___ Data in this exercise ___
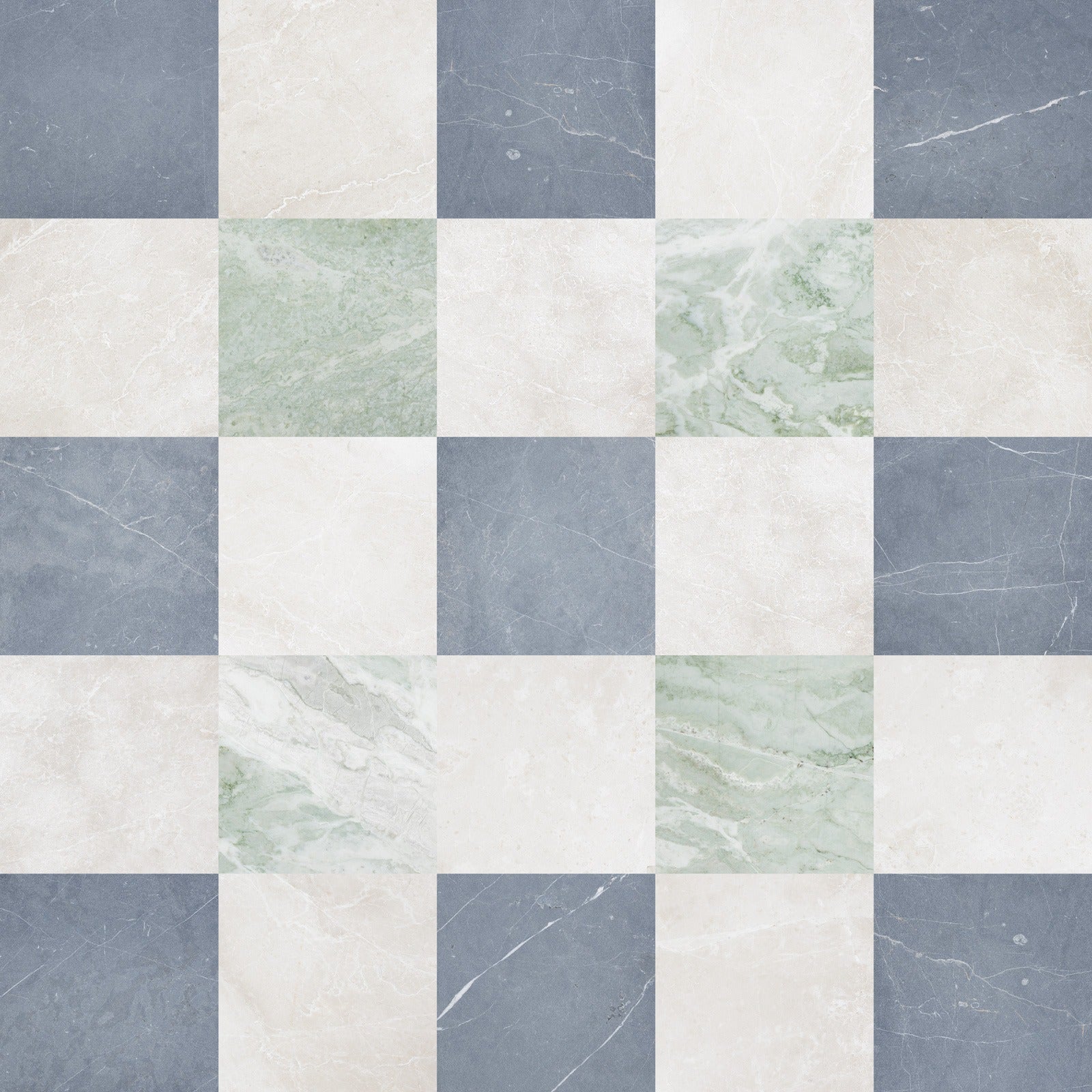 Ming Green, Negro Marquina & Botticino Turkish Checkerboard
___
___ Data in this exercise ___
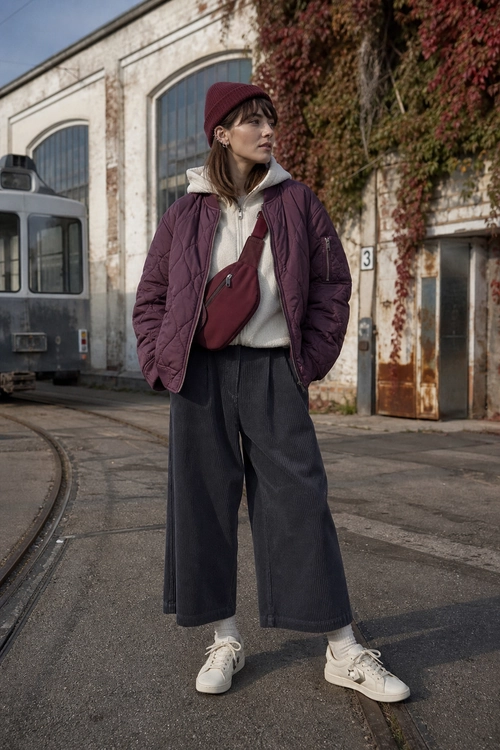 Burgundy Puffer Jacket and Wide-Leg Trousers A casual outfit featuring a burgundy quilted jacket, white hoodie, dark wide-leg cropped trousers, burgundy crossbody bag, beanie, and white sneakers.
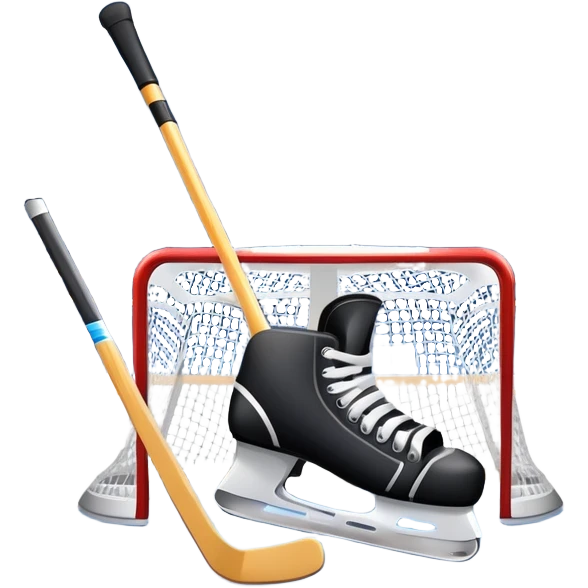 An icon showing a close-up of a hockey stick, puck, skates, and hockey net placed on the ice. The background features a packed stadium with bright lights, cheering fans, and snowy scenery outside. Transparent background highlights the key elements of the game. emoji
___
___ Data in this exercise ___
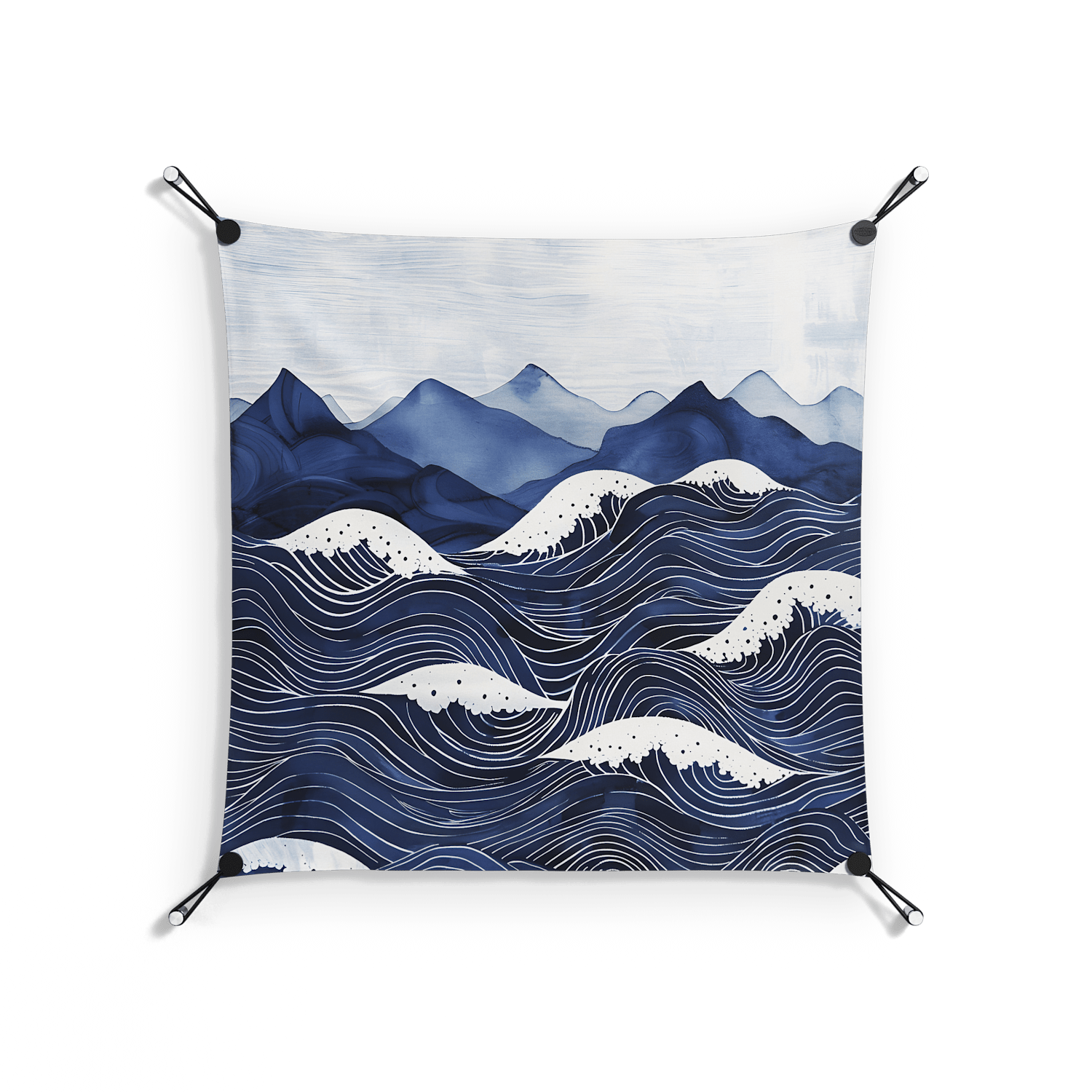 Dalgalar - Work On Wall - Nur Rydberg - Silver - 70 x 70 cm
___
### Work order
Copy out the listing above from the line containing "Burgundy Puffer Jacket" to the line containing "An icon showing", both included, exactly as written and minus the images.

### Written solution
 Burgundy Puffer Jacket and Wide-Leg Trousers A casual outfit featuring a burgundy quilted jacket, white hoodie, dark wide-leg cropped trousers, burgundy crossbody bag, beanie, and white sneakers.
 An icon showing a close-up of a hockey stick, puck, skates, and hockey net placed on the ice. The background features a packed stadium with bright lights, cheering fans, and snowy scenery outside. Transparent background highlights the key elements of the game. emoji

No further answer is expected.